Further Thoughts on Lady Gaga And ArtPop That Are Too Long For Twitter

A handful of Gaga fans and others who seem to randomly enjoy theatrics have regularly misconstrued level, critical thinking as Gaga attacks. I will say, the thing I do regret is taking to Twitter once and chiding Gaga about tweeting a link that went to a playlist of her video on repeat in order to influence play counts and charts; at that moment I hadn’t yet realized it was something a few other artists were doing/had done. Nor did I fully realize that YouTube’s spam detection eliminated suspicious plays.

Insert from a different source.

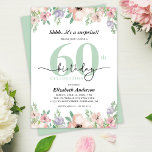 Surprise 60th Birthday Party Elegant Pastel Floral Invitation<br><div class="desc">This elegant surprise 60th birthday invitation features soft pastel watercolor flowers framing the top and bottom. The design combines modern typography with trendy calligraphy,  creating a chic and stylish look—perfect for celebrating a special woman’s milestone birthday.</div>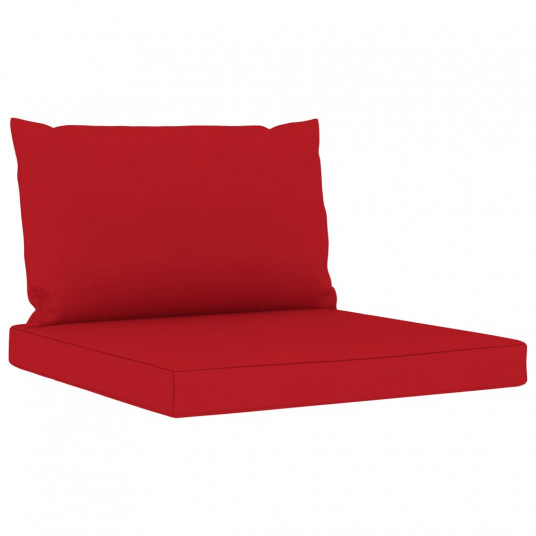 4-vietīgs dārza dīvāns ar sarkaniem matračiem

The truth is, I’m a fan of Lady Gaga’s. I caught her show at Radio City back in the day, and I think two different tours at the Garden. She has a strong voice, a great persona for performance and at times has demonstrated a penchant for writing viciously catchy and fun pop songs. I’ve listened to everything she’s released and generally really respect her for having the will and resolve to follow her own muse. She makes pop interesting in a way that few other stars have the cajones (or desire) to think about. And lately it has been painful to watch media big and small hyperinflate every drama, real (the album isn’t her strongest work, indecision around single choices, personnel changes in her camp) or imagined (that ridiculous, fabricated $25 million ArtPop marketing number; possibly the notion that her tour isn’t selling as well).
But just because many in media are misrepresenting details or piling on doesn’t mean I can’t honestly think - and share my opinion - that this album doesn’t represent her strongest work. You can say that she doesn’t care about her songs charting and that her fans don’t care either, and if that’s true that’s totally cool. There’s lots of different ways to have a career in music these days, and certainly, there are options besides being a globally successful pop star. But “charting” is just a scorecard of popularity, of commercial success. Her last two albums haven’t had hits the way her first two did. That doesn’t mean she won’t have albums again one day that galvanize mass audiences wherever they may be. But generally, if the hits don’t keep coming, the audiences at the shows start to dwindle. The budgets shrink. The productions shrink with the budgets, and that would be a shame, because her productions are pretty stunning usually.
Again, none of this is a forgone conclusion. Gaga still has lots of fans. And I have to believe the songwriter with a knack for delivering number one hits is still in there, and will rise again. When I Tweeted, in response to a question, that I thought maybe she should take a break, it’s partly because I’m tired of watching media pillorize her for taking the same risks that they used to cheer. And it’s partly because I don’t think the songs on this album are going to connect in a big way. And the more she keeps releasing big expensive videos and songs that don’t chart or dont chart well, the more the perception of failure grows (fair or not) and the deeper the hole is that she’ll need to dig from next time.
And of course there will be a next time. Acts like Weezer and Pink had been written off as “over” by media before returning to even greater heights. After she released “4” to middling sales and then was accused of taking too long to release another album, Beyoncé was all but pronounced as dead by a grumbling media - some just weeks before she rocked the pop universe with her surprise iTunes album. And lord knows, if Mariah could return from the Glitter era, we’ve learned anything is possible.
So yes, as I said on Twitter, if I was her manager, I’d recommend she reconsider making additional substantial expenditure on the songs on Artpop. Maybe release a new song or two, or commission some remixes if you need to generate some new excitement around the tour. Focus on creating an amazing tour. And then let people miss you for a little while, while you go find your creative muse and create a new album of your best work. That’s not me hating. That’s me pulling for Gaga. The pop world is way better with her in it.